[Collected data]

★ ★ ★

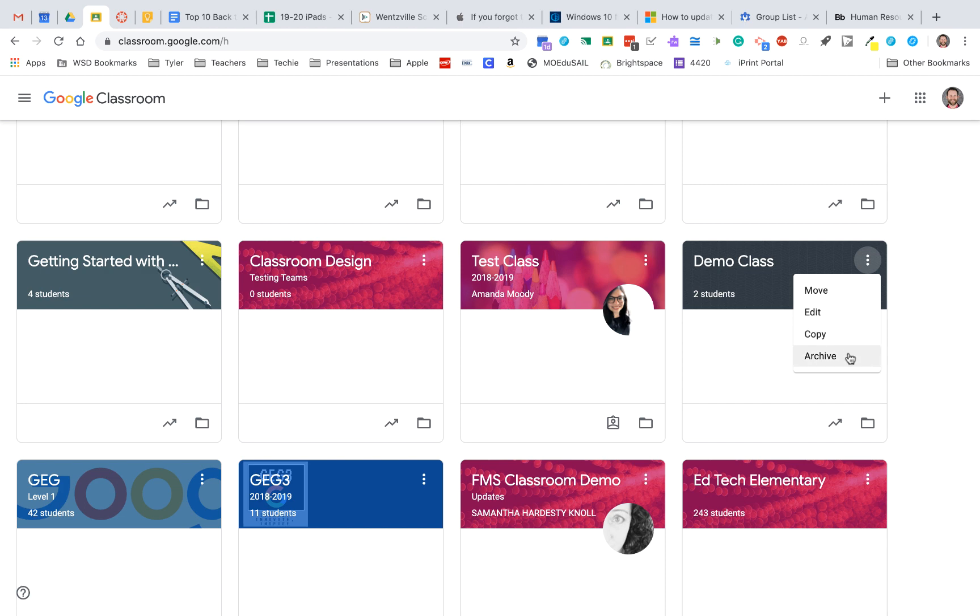I can also, from here, archive old classes so you can start clearing those cards off of your screen.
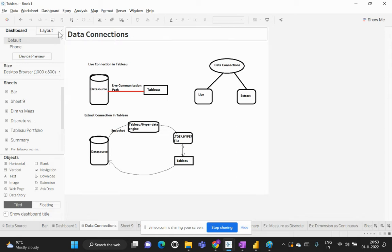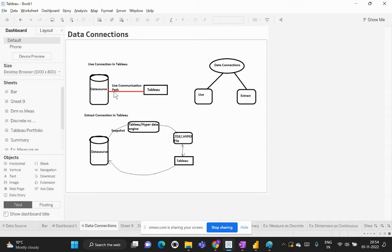Let's dive into this topic. In this pictorial representation, the first section is about a live connection. When we say it's connected in a live connection, it means that the data source and Tableau are connected with a live communication path always established. Whatever changes are made within your data source are reflected directly without any delay in your Tableau workbook or dashboards.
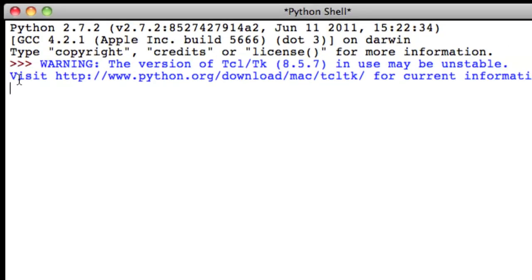In order to create a variable in Python, you need to come up with a name. So for this variable, we're going to call it variable or var, short for variable.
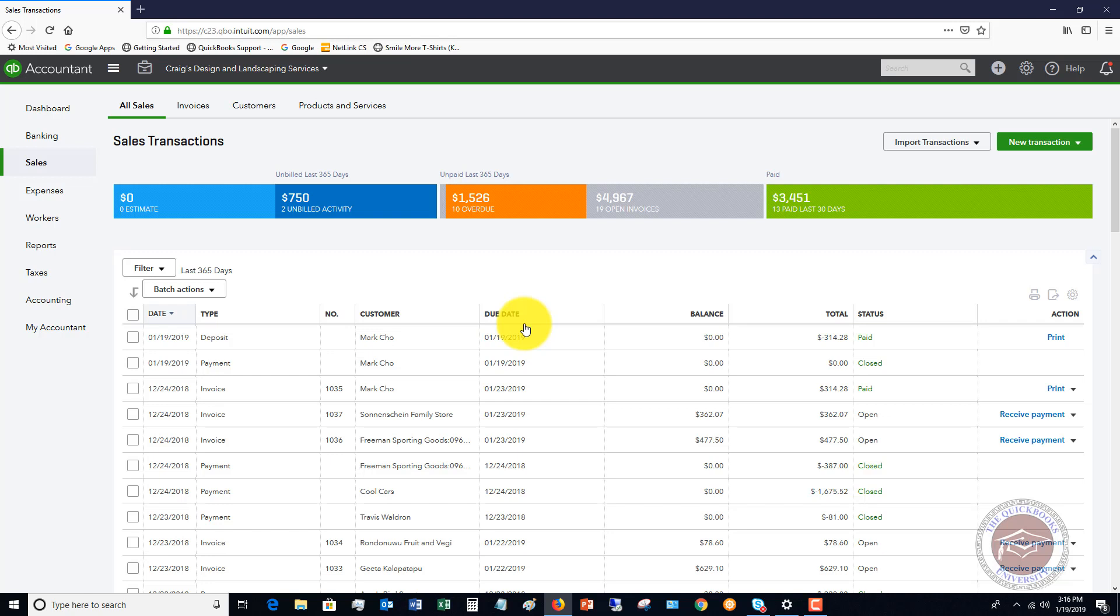But let's say that you didn't do invoices and you just made deposits all year long. And you say, now I want to go back and record invoices and apply those payments. Well, it may not make sense to do that. If you're going back a full year, just let the deposits be the deposits. And then maybe start fresh January 1st, 2019, or whatever your cutoff is, a yearly cutoff.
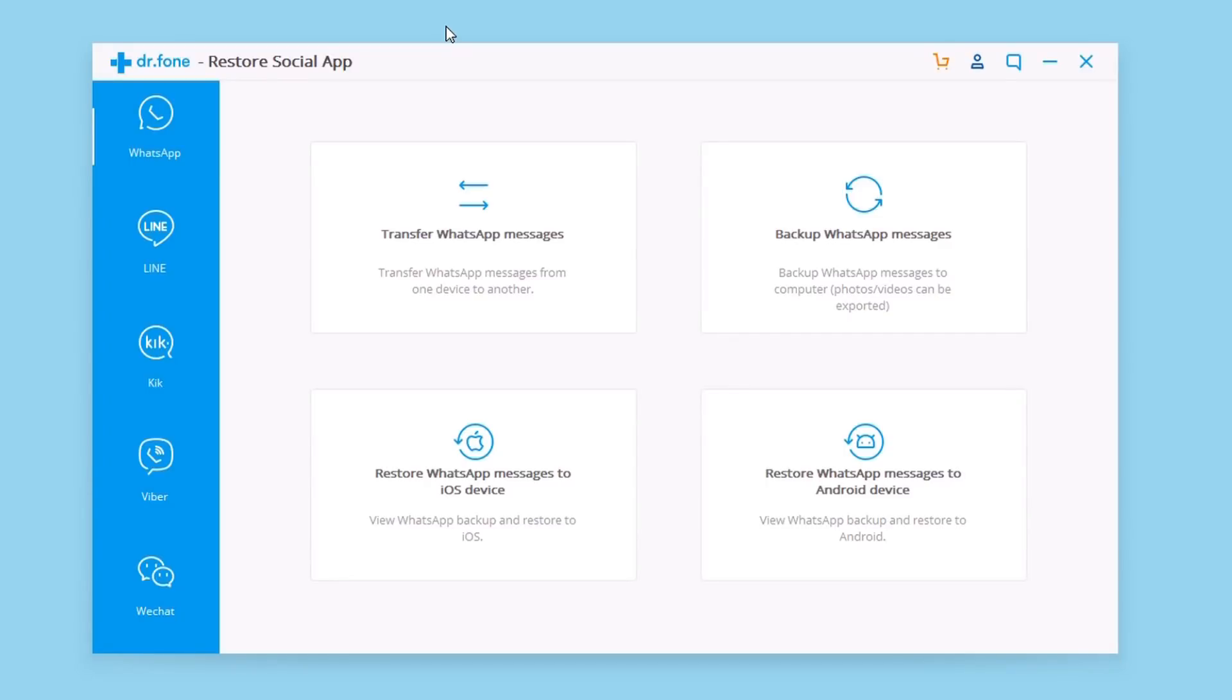Hey what is going on everyone, this is AriVuze back with another video. Today we are taking a look at a pretty cool software that you can install on your Windows or Mac PC and it allows you to restore social media app data.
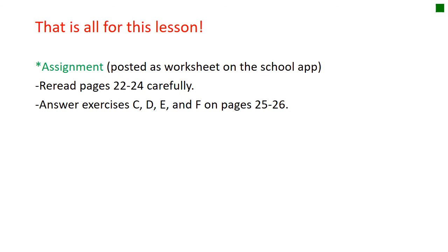That's all for this lesson. Your homework, which will be posted on the worksheet section in your app: re-read pages 22 to 24 carefully, and answer exercises C, D, E, and F on pages 25 and 26. Don't forget to go back to the skills in the eBook to help you answer some of the questions. For anything further, write your questions and I will answer them on our next Zoom live meeting, or you can contact me through WhatsApp. See you and stay safe.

★ ★ ★

- Work required -
Reproduce all of the entries exactly as they appear, though any picture they include must be omitted.

- Response to the task -
I can also, from here, archive old classes so you can start clearing those cards off of your screen.
Let's dive into this topic. In this pictorial representation, the first section is about a live connection. When we say it's connected in a live connection, it means that the data source and Tableau are connected with a live communication path always established. Whatever changes are made within your data source are reflected directly without any delay in your Tableau workbook or dashboards.
In order to create a variable in Python, you need to come up with a name. So for this variable, we're going to call it variable or var, short for variable.
But let's say that you didn't do invoices and you just made deposits all year long. And you say, now I want to go back and record invoices and apply those payments. Well, it may not make sense to do that. If you're going back a full year, just let the deposits be the deposits. And then maybe start fresh January 1st, 2019, or whatever your cutoff is, a yearly cutoff.
Hey what is going on everyone, this is AriVuze back with another video. Today we are taking a look at a pretty cool software that you can install on your Windows or Mac PC and it allows you to restore social media app data.
That's all for this lesson. Your homework, which will be posted on the worksheet section in your app: re-read pages 22 to 24 carefully, and answer exercises C, D, E, and F on pages 25 and 26. Don't forget to go back to the skills in the eBook to help you answer some of the questions. For anything further, write your questions and I will answer them on our next Zoom live meeting, or you can contact me through WhatsApp. See you and stay safe.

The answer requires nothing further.